DIA VI
Por Don Virula de los Gamos.
Una inquietud se agita en la fría noche costera. La bruma hace visible un misterio que crece poco a poco dentro mío. Por unas horas decidí apartarme del ruido que me proporciona la gente y la ciudad. Tras buscar un refugio, fui a parar a una escollera solitaria, y allí permanecí un largo rato. El infinito mar me causaba una pena que ya había experimentado cuando era un niño: era otra vez el saberse pequeño e incapaz de abarcar lo infinito, lo inaccesible... la nostalgia sangrante que provoca lo bello. Sabía muy bien que de allí no volvería alegre y que irremediablemente pasaría largas horas taciturno. Pero no había escapatoria, el llamado era evidente, y nuevamente tenía que hacerme cargo de mi condición, de mis miserias, de haber desoído tantas veces su llamado.

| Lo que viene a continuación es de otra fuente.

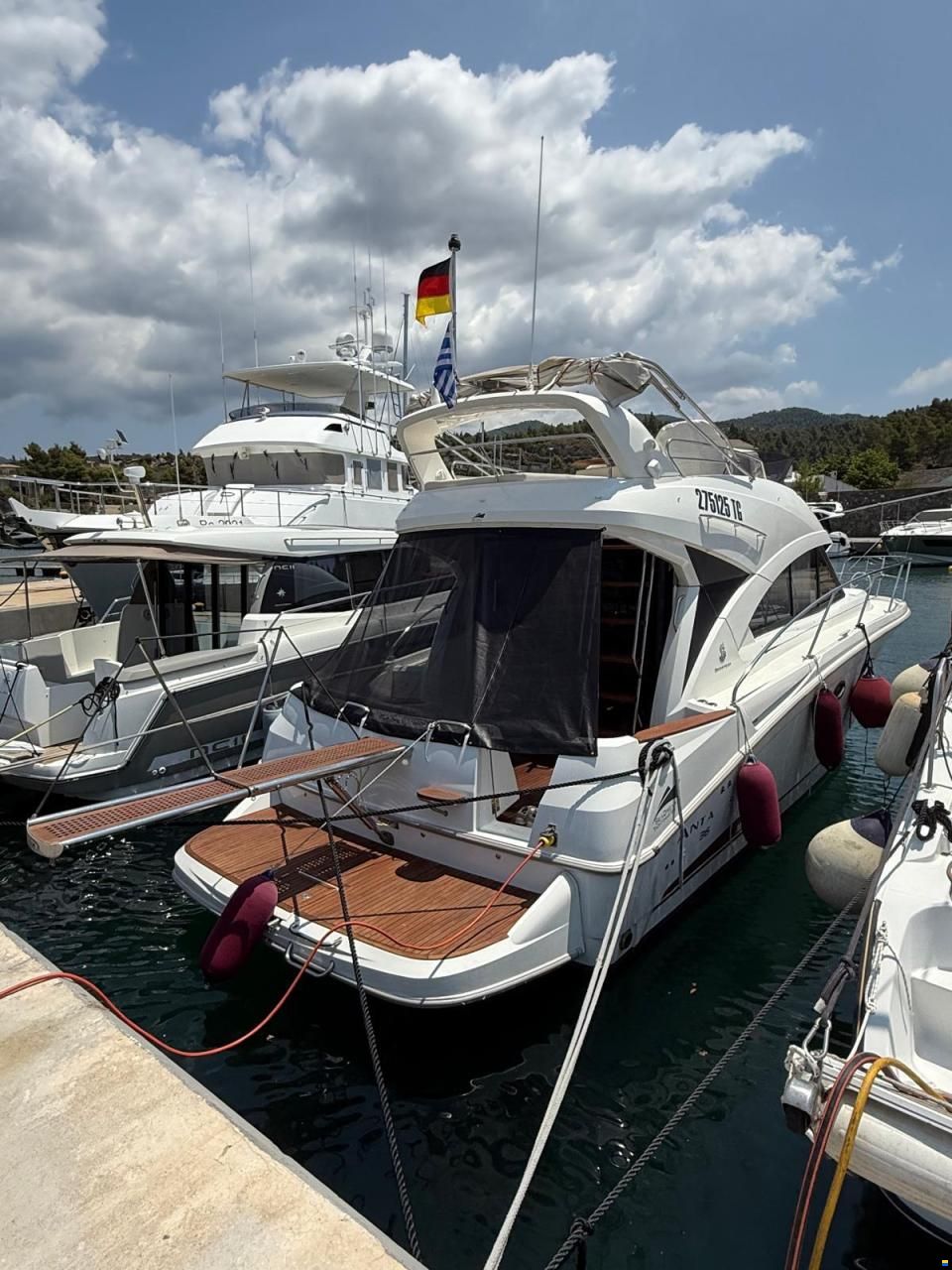 Beneteau Antares 36 Fly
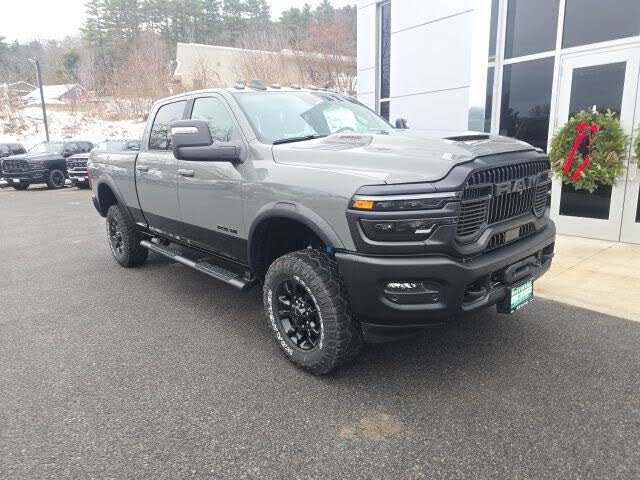 2026 RAM 2500 Power Wagon Crew Cab 4WD
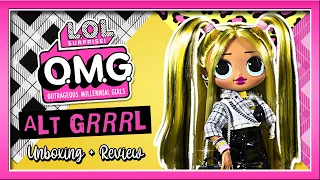 🎧 Review ALT GRRRL 📀 Series 2 - LOL Surprise! OMG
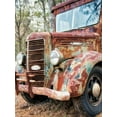 thumbnail image 2 of Head, Danny 12x14 White Modern Wood Framed Museum Art Print Titled - Special Delivery, 2 of 4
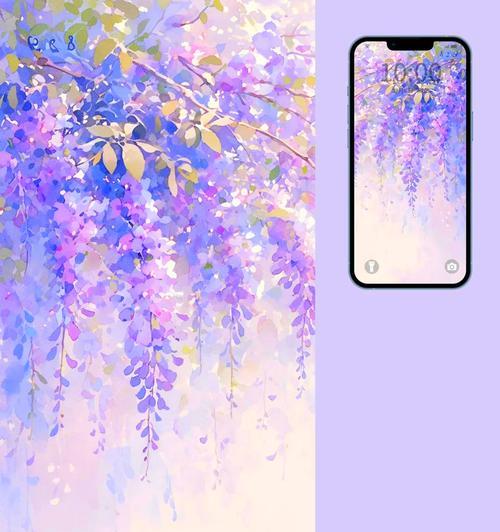 紫藤花的花语是什么？它象征着怎样的精神？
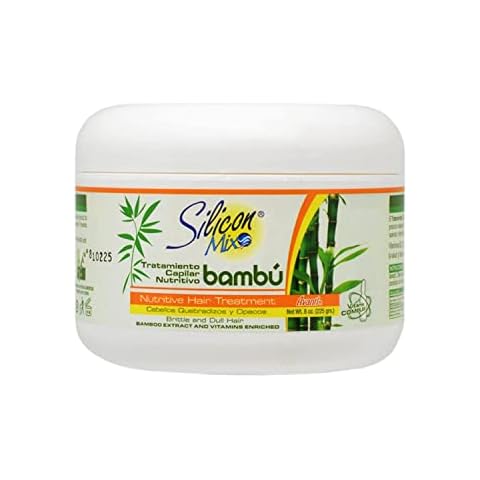 Silicon Mix Bamboo hair treatment 8 Oz Cover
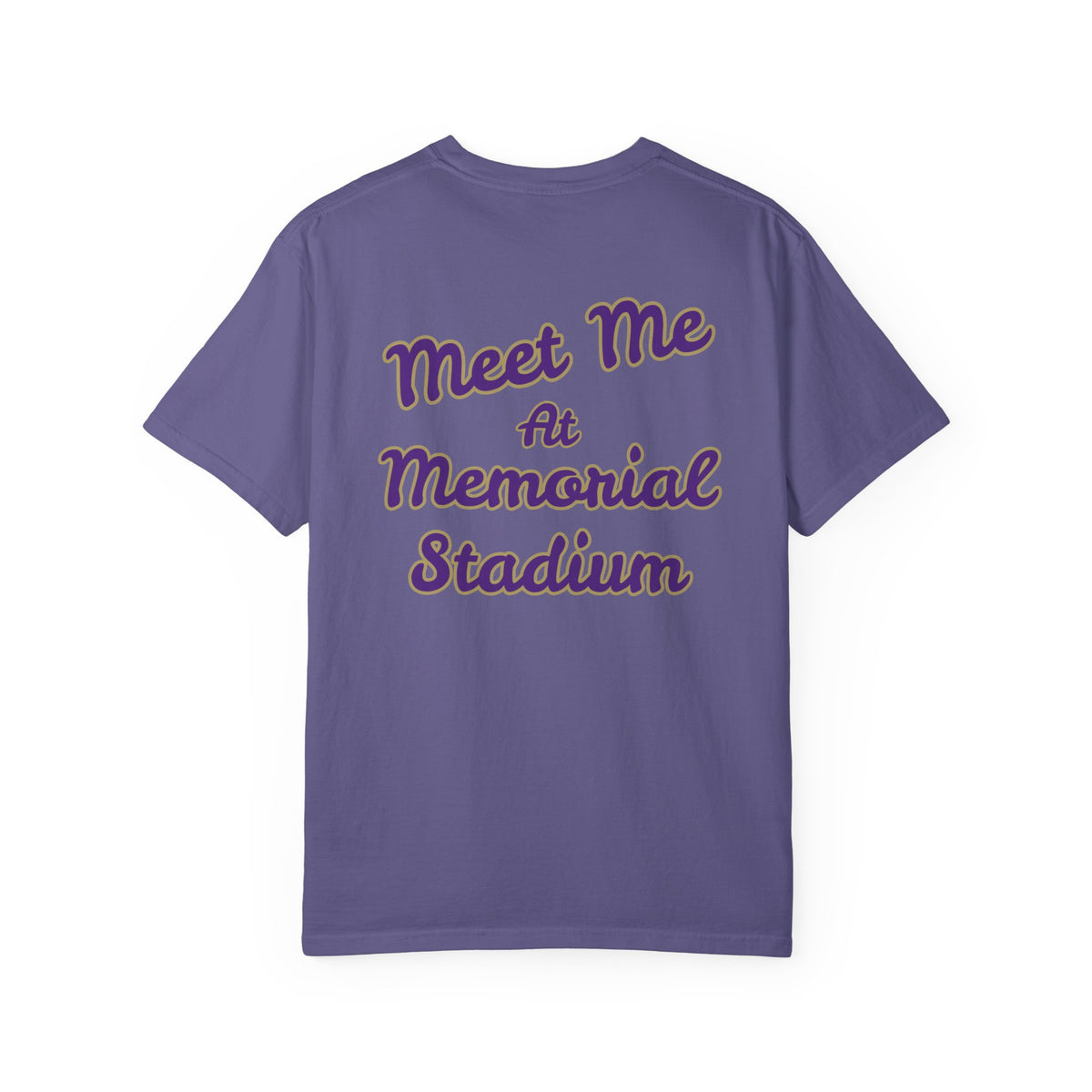 Meet Me at Memorial Stadium T-Shirt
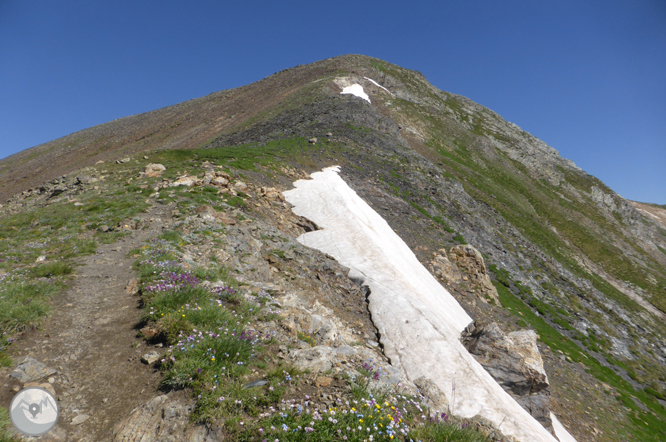 Estanys de Ransol i pic de la Serrera (2.913m) 1 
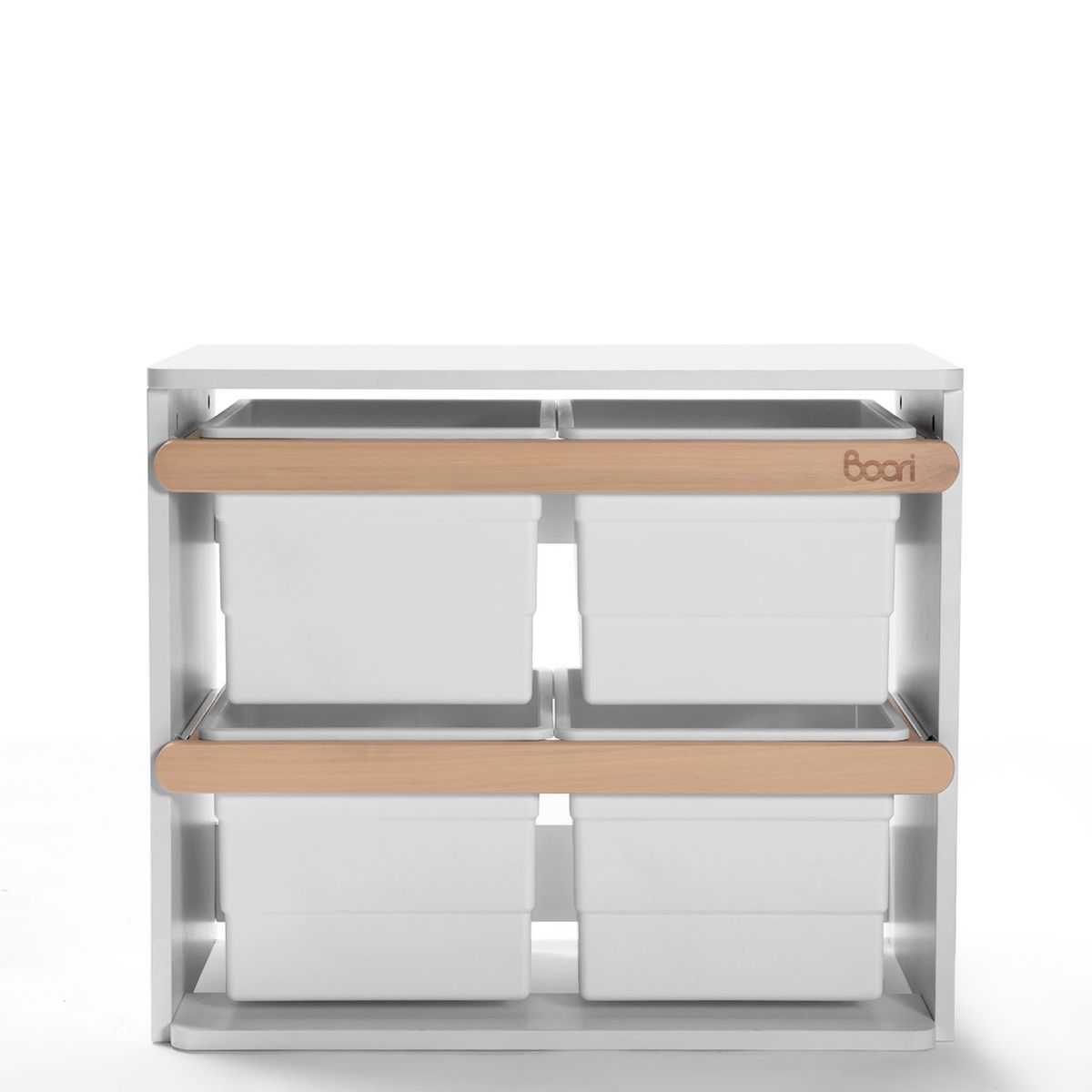 FORM DESIGN - Mueble Kids Organizador Tidy Blanco Form Design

Y cuando miraba el horizonte en lontananza, la distracción constante cantó su retirada.
Pronto todo volvió a la pureza virginal de las cosas... Y allí estaba: la Belleza hiriente y sublime. ¡Oh Jesús mío, tu Nombre lo invade todo! ¡Hasta cuándo habré de resistir a lo irresistible! ¡Hasta cuándo evitaré la aguda lanza que traspasa el corazón! Es muy fuerte para mí, necesito que tú me arrebates como a Jonás y me sumerjas a la muerte de este mundo, para nacer a tu Espíritu...
Pero sin aviso tu Nombre vuelve a huir, vaya saber hasta cuando, dejando a este pobre pecador sumergido en la impotencia de su ser, dejando el dulce sabor de la tristeza, el de saberme lejos del Amado, lejos del hogar eterno. Sin embargo, este es el camino del cristiano, el inevitable calvario para la resurrección, y, a pesar de los pesares, el camino aún es largo.